アップルも iPad Pro でタッチパネル搭載パソコンの代わりを目指しているとは思えませんが、じゃあどこを目指してるの?という点を見ると、よく判らないんですよね。タブレットとして使い物にならなくても、まだ 2-in-1 Windows パソコンの方が狙いはハッキリしてるように思います。


3)iPad mini 4

iPad mini 4 - Apple(日本)

Apple TV や iPhone 6s、iPad Pro に隠れて、ひっそり発表された mini 4 ですが、

大幅改善されて手抜き感が少なくなった iPad mini 4


は、もっと注目されて良いと思います。

従来の iPad mini 2/3 はハッキリ言って 7〜8インチタブレットとしては重かったし、画面がデカい割には薄くもなかった。おまけに iPad mini 3 は昨年発表なのにチップ世代は古かった。で、たいして安くもなかった。
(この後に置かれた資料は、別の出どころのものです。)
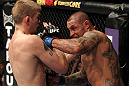 STOCKHOLM, SWEDEN - APRIL 14:  (R-L) Thiago Silva punches Alexander Gustafsson during their light heavyweight bout at the UFC on Fuel TV event at Ericsson Globe on April 14, 2012 in Stockholm, Sweden.  (Photo by Josh Hedges/Zuffa LLC/Zuffa LLC via Getty Images)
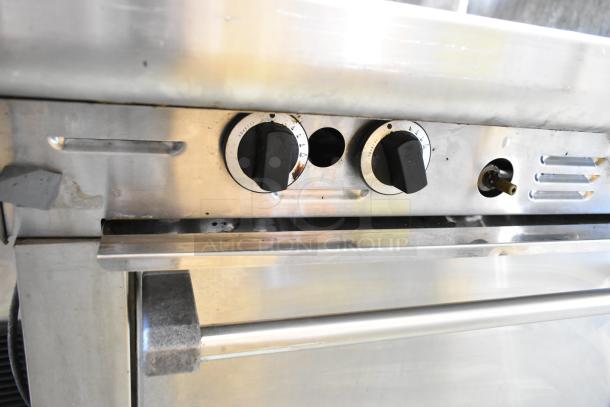 Garland M44R stainless steel commercial range with 4 burners, oven, backsplash, and 2-tier over-shelf. Natural gas-powered.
10インチ iPad が Air で劇的な軽量薄型化に成功して、Air 2 で馬鹿みたいに高速化したのに比べると、iPad mini 3 は魅力に欠けるタブレットだったと思っていました。それが mini 4 で、やっとマシになりました。
  • 200×134.7×7.5mm → 203.2×134.8×6.1mm と iPad Air 2 並みの薄さに
  • 重さも 331g→298.8g(Wi-Fi モデル)と、このクラスとしてまずまずの重量に
  • 相変わらずチップは一世代古いままだが、A7→A8 になって iPhone 6 並みの性能に(iPad Air 2 とは速度差があるままだが Split View は利用可能)
  • カメラも iPad Air 2 と同じく800万画素に
  • 相変わらず iPad mini 2 は併売

という内容で、チップ世代が一世代古いままであるものの、これなら現行 iPad 世代らしい内容です。

個人的には iPad Air 2 が大いに気に入っていますし、小さなサイズのタブレットとしての iPad mini は自分にはデカすぎる、7インチ Android タブレットの方が好みなので自分で買うことはありませんが、友人知人のタブレット選びで薦めるのを躊躇する部分がなくなったのは歓迎です。
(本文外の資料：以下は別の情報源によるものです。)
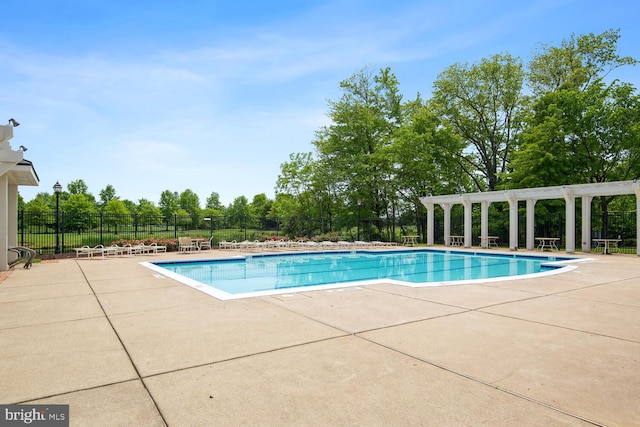 community pool featuring a patio, fence, and a pergola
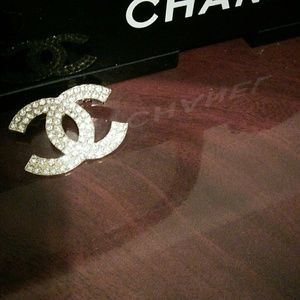 Gold tone and rhinestone brooch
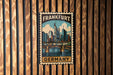 A vintage-style metal stamp depicting the city of Frankfurt, Germany, with a bridge and skyline in the background.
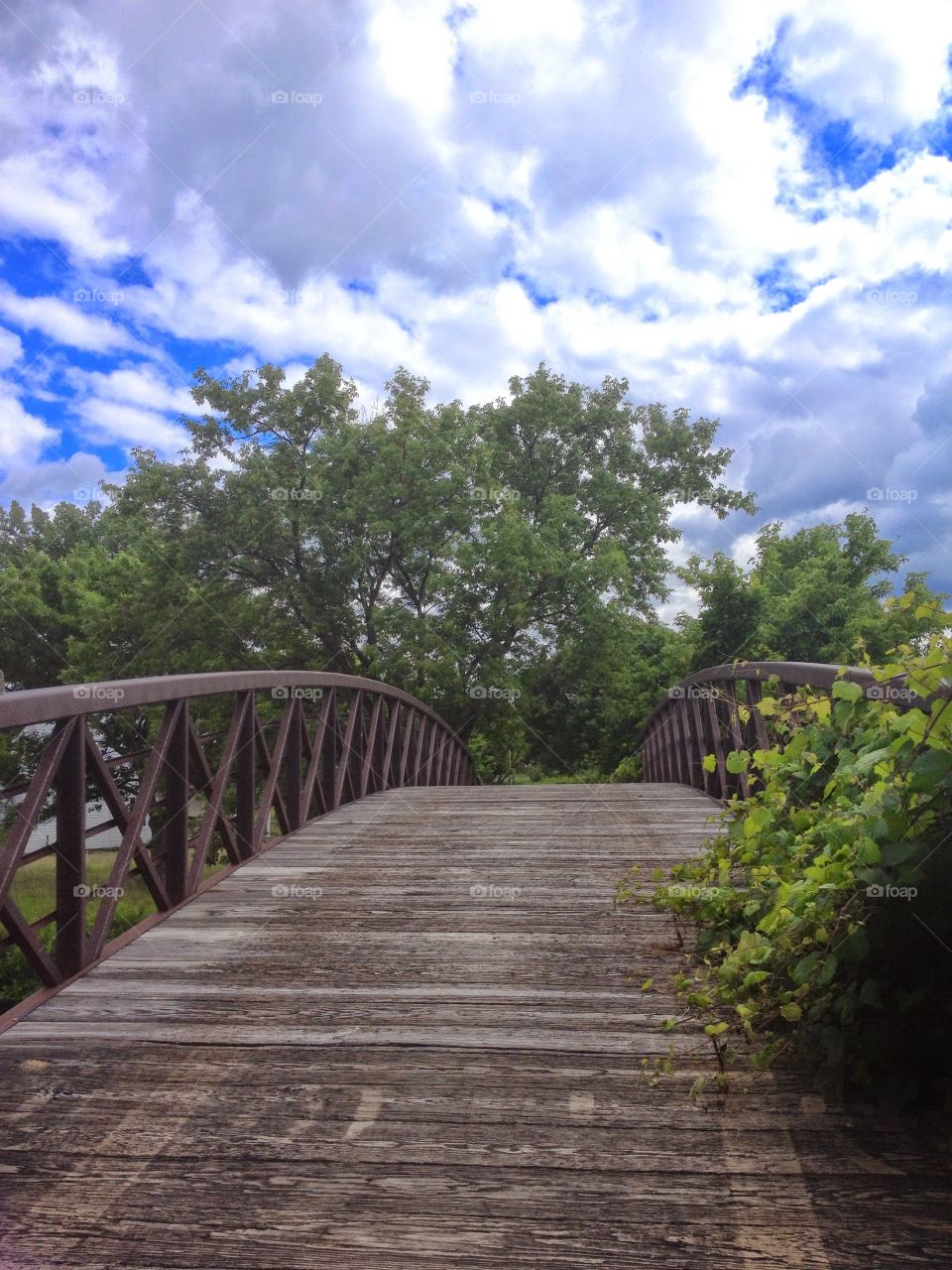 Wooden bridge, beautiful nature and clouds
基調講演では殆どスルー扱いだったようですし、相変わらず本気度は足りませんが、「よく見ると、すごく良くなってる」感のあるデバイスだと思います。それこそ、iPhone 6s よりもね。


4)新型 Apple TV

Apple TV - Apple(日本)

そうヒットすることもなく、忘れられそうになりつつも捨てられることなく、ちょくちょくモデルチェンジする Apple TV。2年ぶり4回目のモデルチェンジですが、前回はマイナーチェンジ(Rev.A 扱い)なので、これが第4世代です。
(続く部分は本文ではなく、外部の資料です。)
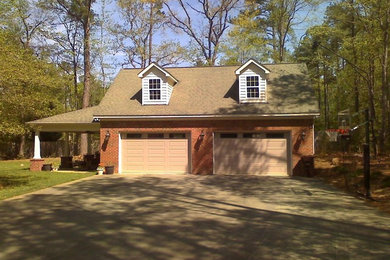 Example of a large classic detached two-car garage design in Raleigh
HDD 搭載の初代から iOS ベースになって HDD を捨てた第二世代で大きく変化した Apple TV は、第三世代および前回のマイナーチェンジではメモリや出力規格の機能強化に留まりましたが、今回はメジャーアップデートといった大幅変更。
  • 8GB だった内部ストレージは 32/64GB へ
  • 512MB と最低限だったメモリは 2GB へ
  • OS 名称が初代から続いていた Apple TV Software から tvOS へ
  • Siri 対応(ただしビデオ操作のみ対応で検索などは不可)
  • Apple TV 専用 AppStore 対応
  • リモコンに Siri 用マイクのみならず、加速度センサーとジャイロスコープを内蔵
    (Wii リモコンのようなストラップ付き)
  • サードパーティ製ゲームコントローラも利用可能
  • 搭載 CPU は iPhone 6、iPad mini 4 と同じ A8
  • 電源は iOS デバイスと同じ Lightning 端子による USB 給電に
  • 第2、第3世代より一回り大きく重くなった

といった内容で、こちらも噂どおり

Apple TV がビデオだけのものではなくなった


わけで、iOS と同じように諸々のアプリが利用可能になり、またゲームプラットフォームの一つとして伸ばしていくつもりのようです。

私も Apple TV は持っていますが、元々あまりテレビという端末を見ることがなく、オンデマンド映像もほとんどパソコンかタブレットで見る人なので、Apple TV も完全に埃をかぶっている状態ですから、新しい Apple TV を買うことはきっとないでしょう。

ただ、どんなアプリが出てくるのか?というのは割と興味津々です。単純に iOS に出ているアプリの Apple TV 版だったり、マルチプラットフォーム開発のゲームタイトルの Apple TV 版が出てくるのは予想されますが、そうじゃない Apple TV ならではのアプリというのが出てくるのかどうか。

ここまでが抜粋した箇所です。